Let us compare the various regression results. Figure 7.23(b) shows the vanilla regression, which as you can see fits the $N = 20$ data points very well. However, no one would believe that such a fitting curve can generalize to unseen data. Figure 7.23(c) shows the ridge regression result. When performing the analysis, we sweep a range of $\lambda$ and pick the value $\lambda = 0.5$ so that the fitted curve is neither too “wild” nor too “flat”. We can see that the fitting is improved. However, since the ridge regression only penalizes large-magnitude coefficients, the fitting is still not ideal. Figure 7.23(d) shows the LASSO regression result. Since the true model is a 4th-order polynomial and we use a 20th-order polynomial, the true solution is sparse. Therefore, LASSO is helpful, and hence we can pick a sparse solution.

The significance of LASSO is often not about the fitting of the data points but the number of active coefficients. In Figure 7.24 we show a comparison between the ground truth coefficients, the vanilla regression coefficients, the ridge regression coefficients, and the LASSO regression coefficients. It is evident that the LASSO solution contains a much smaller number of non-zeros compared to the ridge regression. Most of the high-order coefficients are zero. By contrast, the vanilla regression coefficients are wild. The ridge regression is better, but there are many non-zero high-order coefficients.

**Figure 7.24.** Coefficients of the regression models. (a) The ground truth model, which is a 4th-order polynomial. There are only 5 non-zero coefficients. (b) The vanilla regression coefficients. Note that the values are wild and large, although the curve fits the training data points very well. (c) The ridge regression coefficients. While the overall magnitudes are significantly improved from the vanilla, some high-order coefficients are still non-zero. (d) The LASSO regression coefficients. There are very few non-zeros, and the non-zeros match well with the ground truth.

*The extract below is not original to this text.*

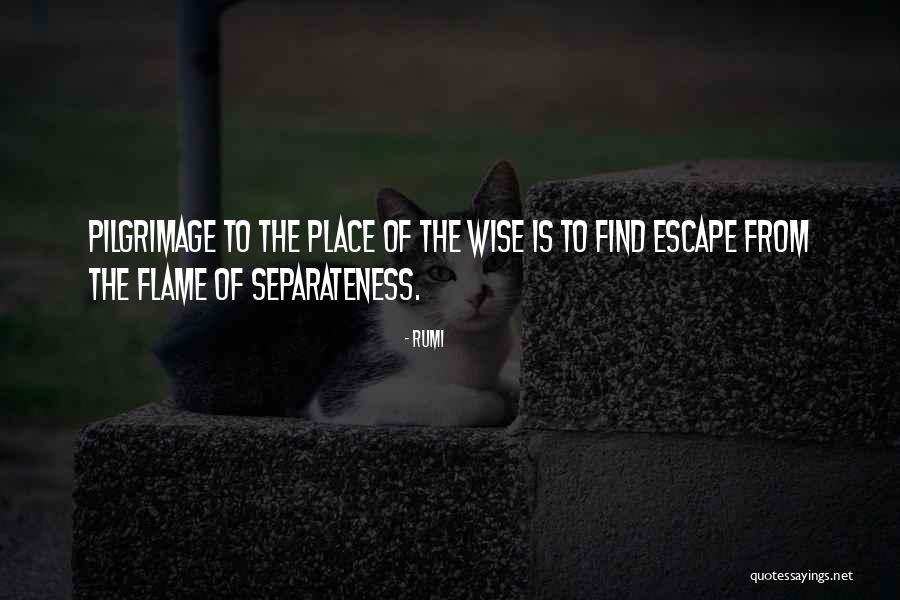 Andrino Flevotomos Quotes By Rumi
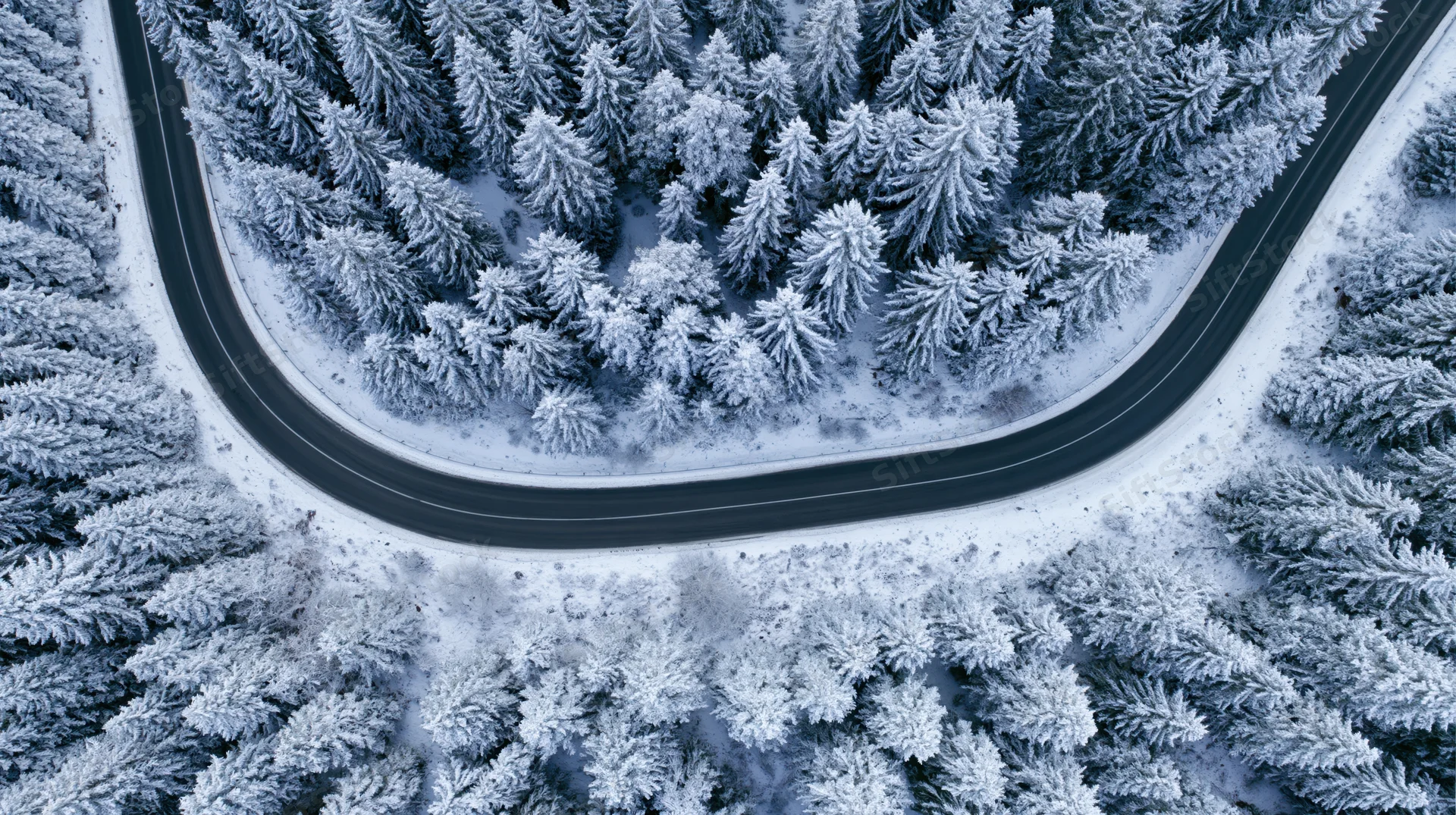 Winding road through snow-covered pine forest from aerial view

Closing remark. In this section, we discussed two regularization techniques: ridge regression and LASSO regression. Both techniques are about adding a penalty term to the training loss to constrain the regression coefficients. In the optimization literature, writings on ridge and LASSO regression are abundant, covering both algorithms and theoretical properties. An example of a theoretical question addressed in the literature is: Under what conditions is LASSO guaranteed to recover the correct support of the solution, i.e., locating the correct positions of the non-zeros? Problems like these are beyond the scope of this book.